_Task statement_.
Copy every line from the one that holds "19765 County Highway" to the end of the records below, exactly and with nothing else, but without any pictures.

--- Dataset Enclosed Below ---

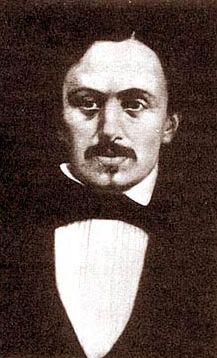 Francisco González Bocanegra 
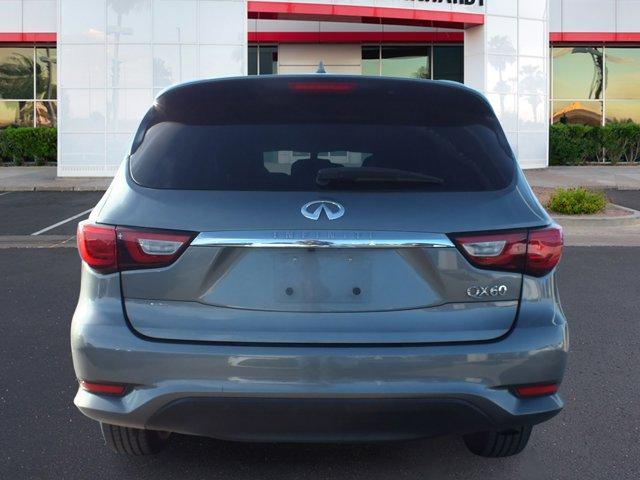 used 2018 INFINITI QX60 car, priced at $12,981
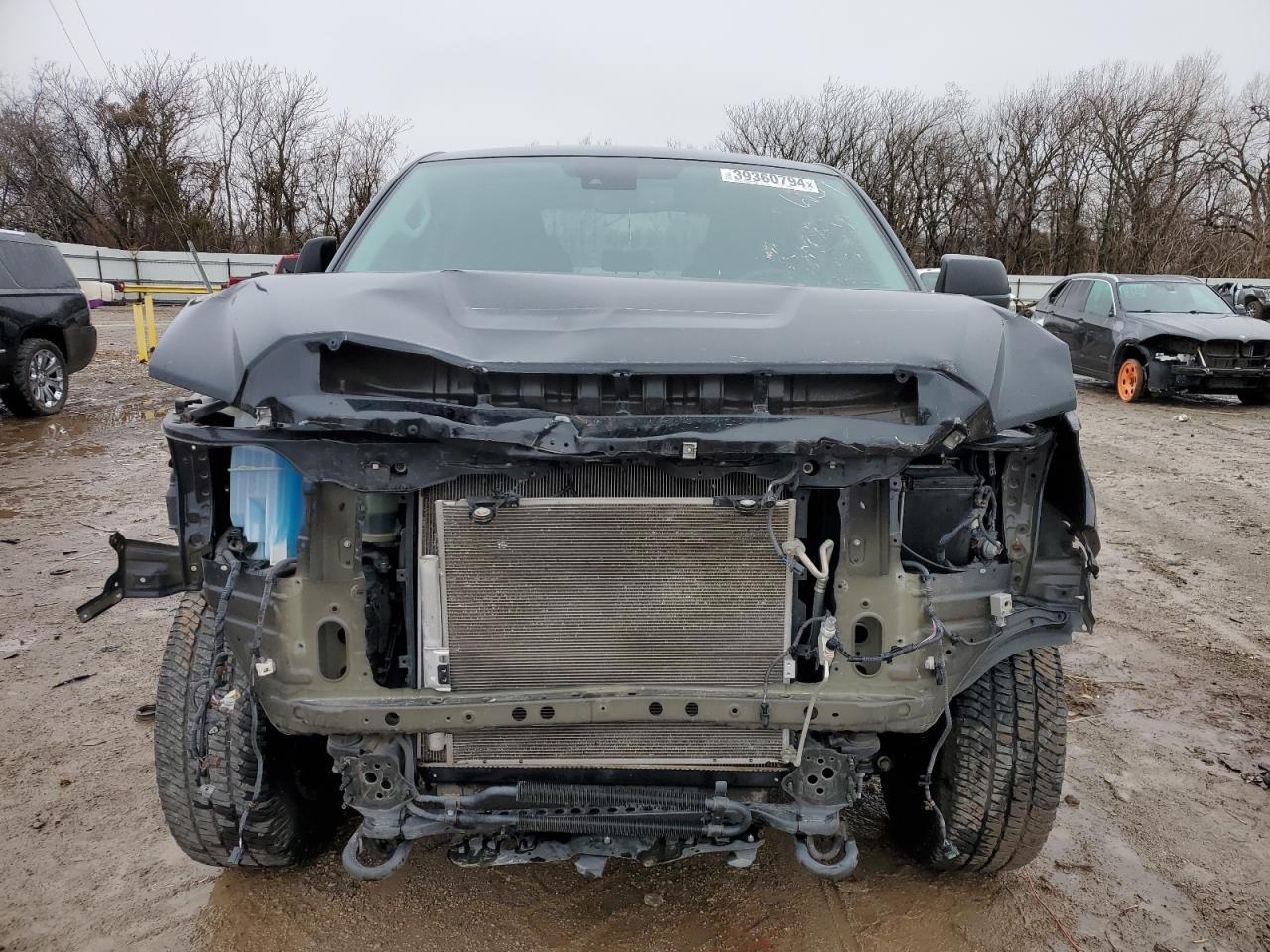 2021 TOYOTA TUNDRA CRE - Image 5
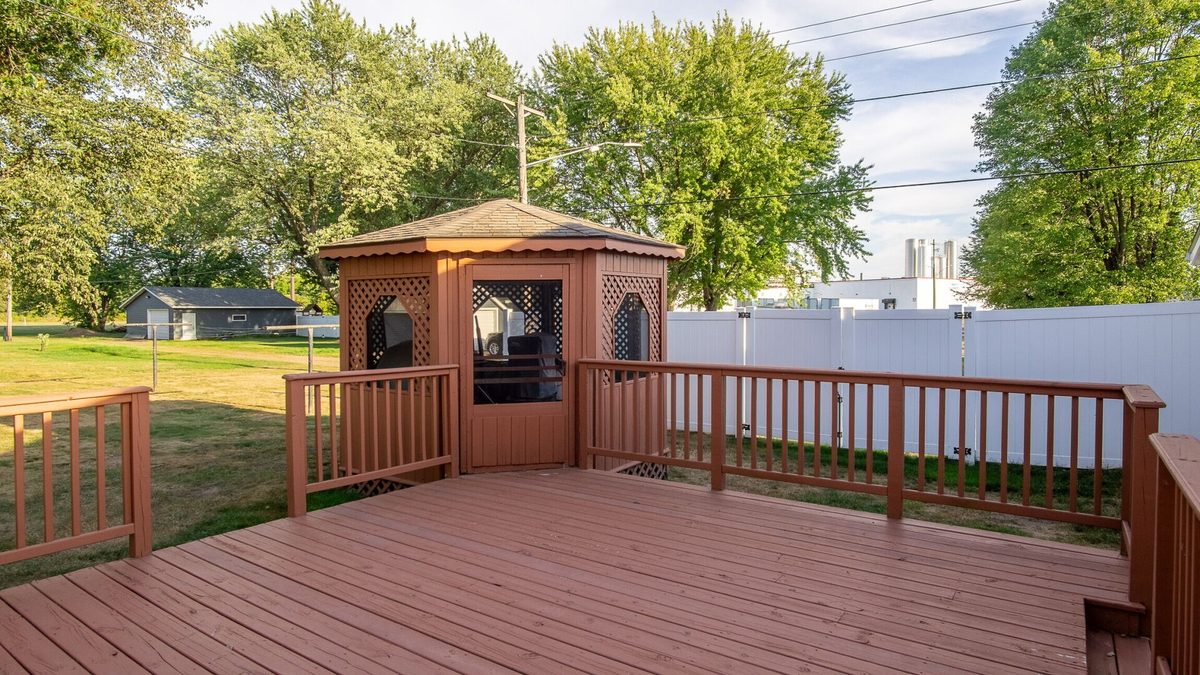 19765 County Highway S, Jim Falls WI 54748 - Residential house for sale - MLS #1604667 - image21
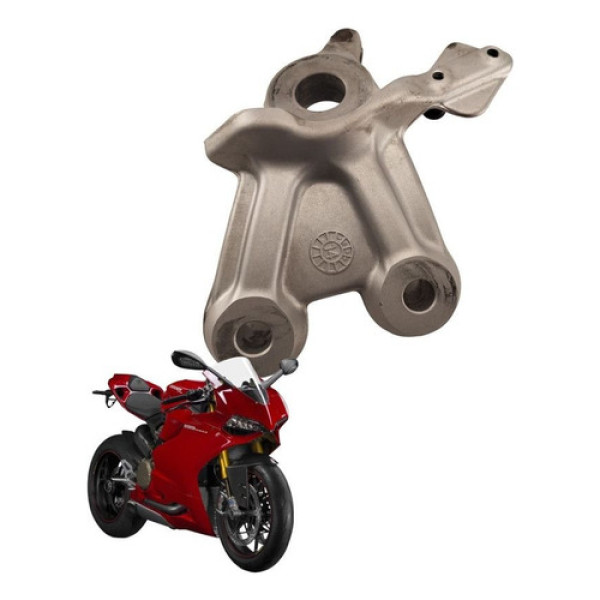 Suporte Cavalete Lateral Ducati Panigale 1199 2015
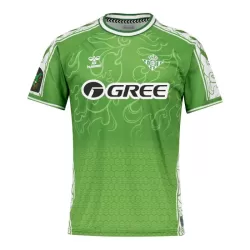 Günstige Real Betis Pre-Match Herrentrikot 2024/25 Kurzarm Günstige Real Betis Pre-Match Herrentrikot 2024/25 Kurzarm
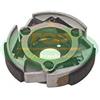 Generico FZ00388 FRIZIONE COMPLETA COMPATIBILE CON YAMAHA X-CITY 250 4T 2007 2015 TOP PERFORMANCE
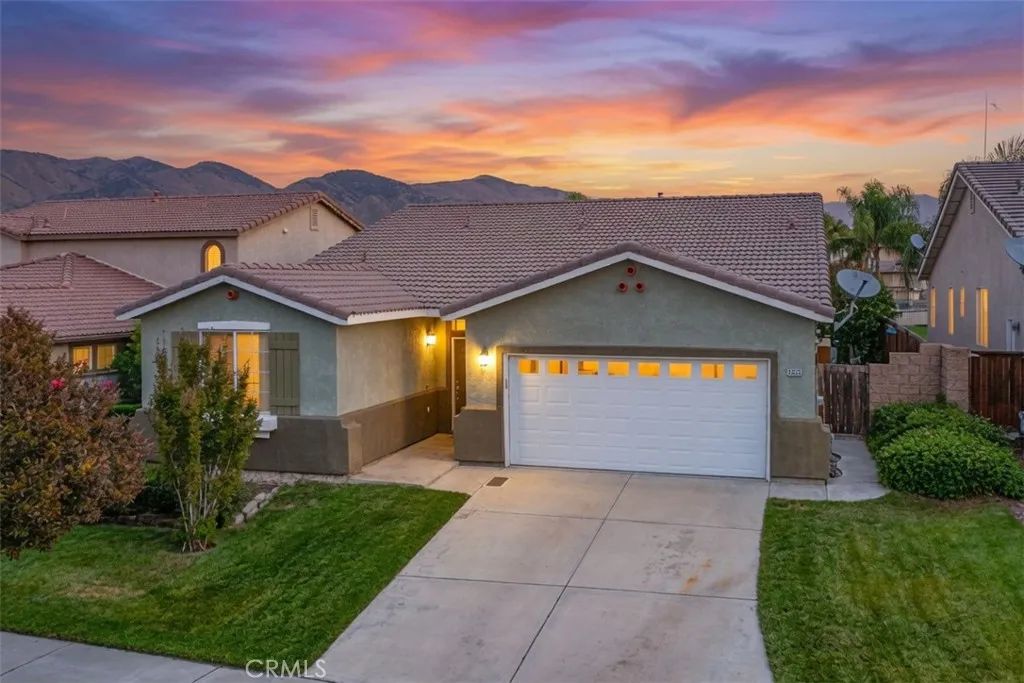34538 Yale Drive, Yucaipa, CA 92399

--- End of Enclosed Dataset ---

_Reply_.
 19765 County Highway S, Jim Falls WI 54748 - Residential house for sale - MLS #1604667 - image21
 Suporte Cavalete Lateral Ducati Panigale 1199 2015
 Günstige Real Betis Pre-Match Herrentrikot 2024/25 Kurzarm Günstige Real Betis Pre-Match Herrentrikot 2024/25 Kurzarm
 Generico FZ00388 FRIZIONE COMPLETA COMPATIBILE CON YAMAHA X-CITY 250 4T 2007 2015 TOP PERFORMANCE
34538 Yale Drive, Yucaipa, CA 92399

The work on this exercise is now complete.